Data records

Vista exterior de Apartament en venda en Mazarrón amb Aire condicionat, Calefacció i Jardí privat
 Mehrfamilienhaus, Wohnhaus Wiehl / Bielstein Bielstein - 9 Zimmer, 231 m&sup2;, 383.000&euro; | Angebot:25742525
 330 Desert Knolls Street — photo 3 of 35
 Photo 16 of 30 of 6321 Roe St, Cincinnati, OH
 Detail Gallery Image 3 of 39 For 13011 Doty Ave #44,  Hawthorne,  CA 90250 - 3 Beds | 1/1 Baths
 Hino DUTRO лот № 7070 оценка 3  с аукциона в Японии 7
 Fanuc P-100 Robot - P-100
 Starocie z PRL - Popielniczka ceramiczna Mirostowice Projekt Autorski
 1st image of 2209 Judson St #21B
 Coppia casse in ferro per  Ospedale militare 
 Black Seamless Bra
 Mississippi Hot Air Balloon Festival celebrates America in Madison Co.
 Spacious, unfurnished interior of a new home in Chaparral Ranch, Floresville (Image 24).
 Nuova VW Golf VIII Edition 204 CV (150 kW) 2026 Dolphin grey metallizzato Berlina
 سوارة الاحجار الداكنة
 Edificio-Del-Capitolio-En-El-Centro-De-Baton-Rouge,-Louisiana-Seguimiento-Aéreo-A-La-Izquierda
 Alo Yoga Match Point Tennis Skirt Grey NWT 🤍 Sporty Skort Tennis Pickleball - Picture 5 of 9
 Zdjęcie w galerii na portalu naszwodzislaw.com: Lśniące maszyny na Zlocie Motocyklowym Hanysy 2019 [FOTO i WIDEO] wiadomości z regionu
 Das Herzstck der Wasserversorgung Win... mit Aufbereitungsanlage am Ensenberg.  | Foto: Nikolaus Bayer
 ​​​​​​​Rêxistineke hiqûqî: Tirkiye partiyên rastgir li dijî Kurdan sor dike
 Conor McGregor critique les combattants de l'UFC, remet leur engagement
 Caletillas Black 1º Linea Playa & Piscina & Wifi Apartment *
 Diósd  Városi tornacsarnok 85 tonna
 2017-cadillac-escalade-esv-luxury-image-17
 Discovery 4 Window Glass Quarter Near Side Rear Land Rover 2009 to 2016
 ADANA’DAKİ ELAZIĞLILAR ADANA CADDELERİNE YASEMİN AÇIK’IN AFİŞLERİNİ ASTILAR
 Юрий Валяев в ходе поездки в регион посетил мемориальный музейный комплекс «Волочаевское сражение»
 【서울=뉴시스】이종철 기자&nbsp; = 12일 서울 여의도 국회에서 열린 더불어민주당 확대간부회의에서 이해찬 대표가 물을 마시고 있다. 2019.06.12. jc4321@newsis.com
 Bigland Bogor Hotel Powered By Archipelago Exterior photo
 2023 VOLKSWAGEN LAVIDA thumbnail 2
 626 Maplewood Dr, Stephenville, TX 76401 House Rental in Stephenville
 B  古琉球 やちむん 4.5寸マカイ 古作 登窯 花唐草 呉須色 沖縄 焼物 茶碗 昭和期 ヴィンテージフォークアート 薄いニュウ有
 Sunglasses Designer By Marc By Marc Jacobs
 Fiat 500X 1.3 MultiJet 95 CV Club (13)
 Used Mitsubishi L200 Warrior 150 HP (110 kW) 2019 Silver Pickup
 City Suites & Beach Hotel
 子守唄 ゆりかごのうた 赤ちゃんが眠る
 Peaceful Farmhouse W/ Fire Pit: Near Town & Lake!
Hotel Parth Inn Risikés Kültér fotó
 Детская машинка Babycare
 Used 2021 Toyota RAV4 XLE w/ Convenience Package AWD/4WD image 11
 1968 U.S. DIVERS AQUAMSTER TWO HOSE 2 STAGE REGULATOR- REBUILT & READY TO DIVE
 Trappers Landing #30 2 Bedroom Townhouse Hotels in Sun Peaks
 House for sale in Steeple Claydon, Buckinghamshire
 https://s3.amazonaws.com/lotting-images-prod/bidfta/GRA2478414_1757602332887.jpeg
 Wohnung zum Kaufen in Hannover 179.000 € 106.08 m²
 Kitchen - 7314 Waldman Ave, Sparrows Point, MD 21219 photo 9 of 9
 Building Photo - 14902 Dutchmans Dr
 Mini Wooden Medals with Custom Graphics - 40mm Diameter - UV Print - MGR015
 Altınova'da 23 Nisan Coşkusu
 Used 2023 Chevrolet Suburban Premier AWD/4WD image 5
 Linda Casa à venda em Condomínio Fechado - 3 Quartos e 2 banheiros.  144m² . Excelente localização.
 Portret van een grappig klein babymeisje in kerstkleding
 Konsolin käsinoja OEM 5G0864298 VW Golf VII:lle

Brief | Transcribe the records above exactly, beginning at the line that contains "Kurdan sor dike" and ending with the line that contains "Юрий Валяев в ходе", both included, and nothing else.

Exercise output |
 ​​​​​​​Rêxistineke hiqûqî: Tirkiye partiyên rastgir li dijî Kurdan sor dike
 Conor McGregor critique les combattants de l'UFC, remet leur engagement
 Caletillas Black 1º Linea Playa & Piscina & Wifi Apartment *
 Diósd  Városi tornacsarnok 85 tonna
 2017-cadillac-escalade-esv-luxury-image-17
 Discovery 4 Window Glass Quarter Near Side Rear Land Rover 2009 to 2016
 ADANA’DAKİ ELAZIĞLILAR ADANA CADDELERİNE YASEMİN AÇIK’IN AFİŞLERİNİ ASTILAR
 Юрий Валяев в ходе поездки в регион посетил мемориальный музейный комплекс «Волочаевское сражение»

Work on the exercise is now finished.